La investigación destaca que los menores que crecen junto a una mascota aprenden de forma natural a cuidar de otro ser vivo mediante tareas cotidianas como alimentarlo, darle agua o dedicar tiempo a jugar con él.
Mascotas enseñan responsabilidad desde la infancia
Según el estudio, las palabras que más asocian los niños con sus mascotas son “cuidar“, “alimentar” y “jugar“. Estas actividades, aunque parecen sencillas, les ayudan a comprender que los animales tienen necesidades que deben atenderse todos los días. De esta manera, aprenden que sus acciones tienen consecuencias y que existen responsabilidades que no pueden dejar de lado.

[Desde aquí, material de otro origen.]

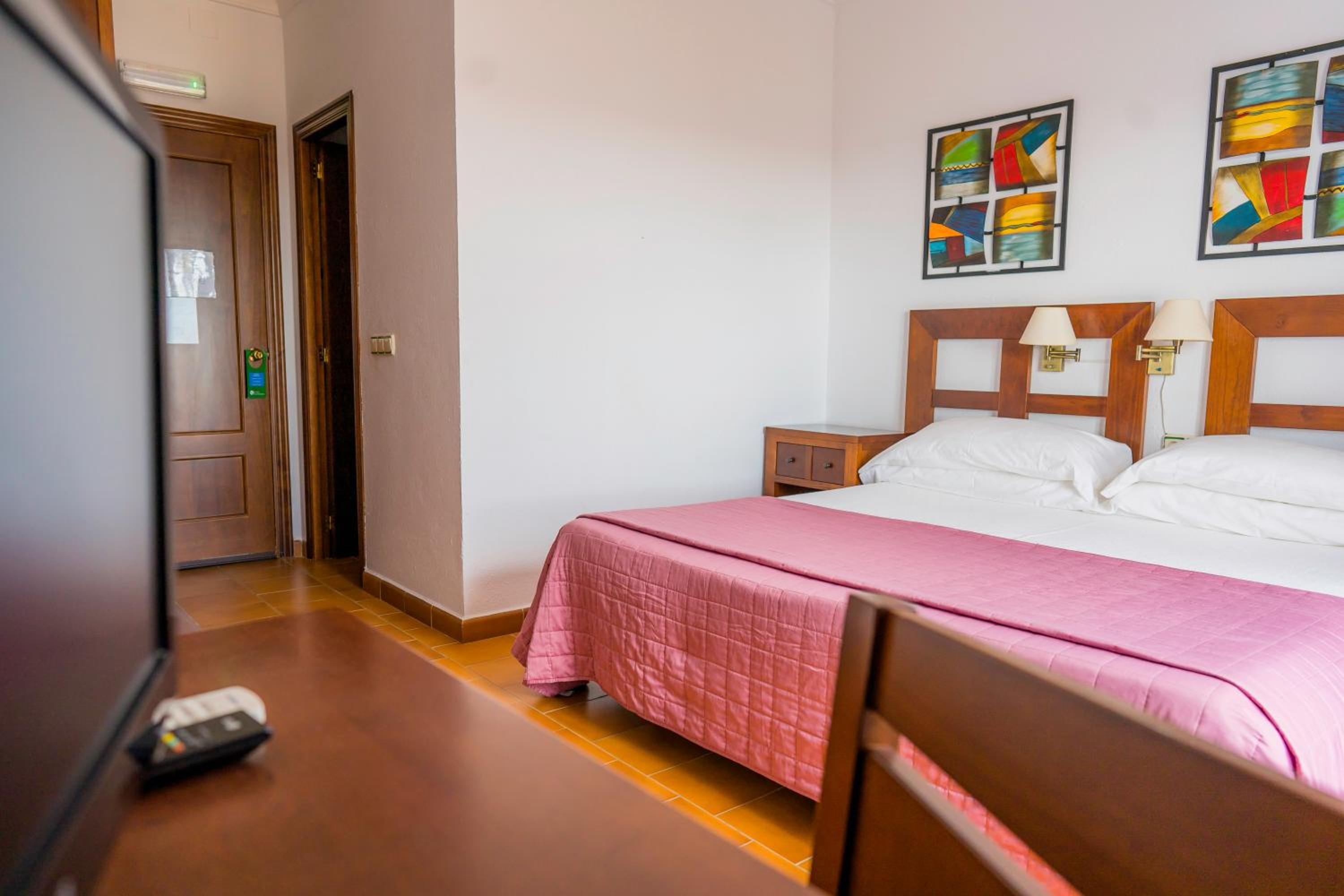 Double or Twin Room with Terrace - Photo 5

Los especialistas señalan que este aprendizaje ocurre de forma espontánea, sin necesidad de imponerlo como una obligación. Por ello, a medida que crecen, los menores pueden asumir nuevas tareas, desde cambiar el agua o cepillar a la mascota hasta acompañarla en paseos o visitas al veterinario.

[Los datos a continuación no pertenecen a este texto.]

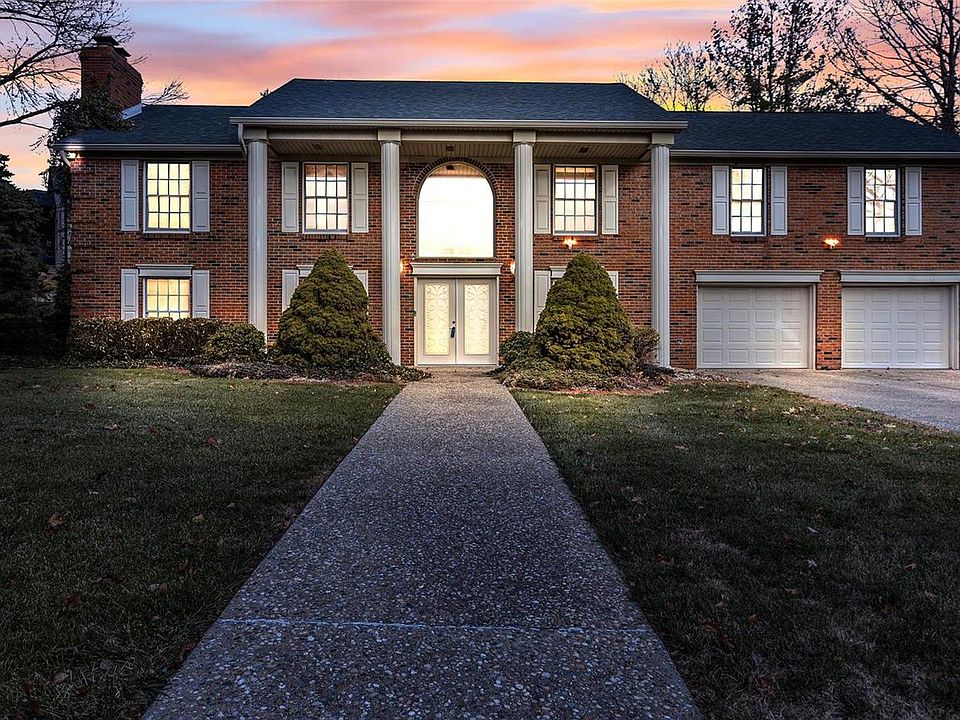 1st image of 15 Fairway Dr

Perros y gatos fortalecen el desarrollo emocional
Asimismo, la convivencia con una mascota también tiene beneficios en el ámbito emocional. De acuerdo con la Fundación Affinity, el 46% de los niños considera a su perro o gato como una de sus principales fuentes de apoyo emocional después de sus padres.
Cuando experimentan miedo, tristeza o preocupación, muchos recurren a sus mascotas en busca de compañía y consuelo. Además, la relación con los animales fomenta valores como la empatía, la compasión y el respeto hacia otros seres vivos, habilidades que también pueden reflejarse en la convivencia con otras personas.
Las mascotas también ayudan en la escuela y el bienestar
A su vez, diversas investigaciones señalan que la compañía de animales puede contribuir a reducir el estrés y mejorar el bienestar emocional.
La Fundación Affinity también ha documentado que los perros de terapia pueden ayudar a los niños a enfrentar mejor situaciones como sus primeros días de escuela, al generar tranquilidad y confianza.
De este modo, los especialistas coinciden en que una mascota puede convertirse en una aliada importante para el desarrollo social, emocional y educativo de los menores.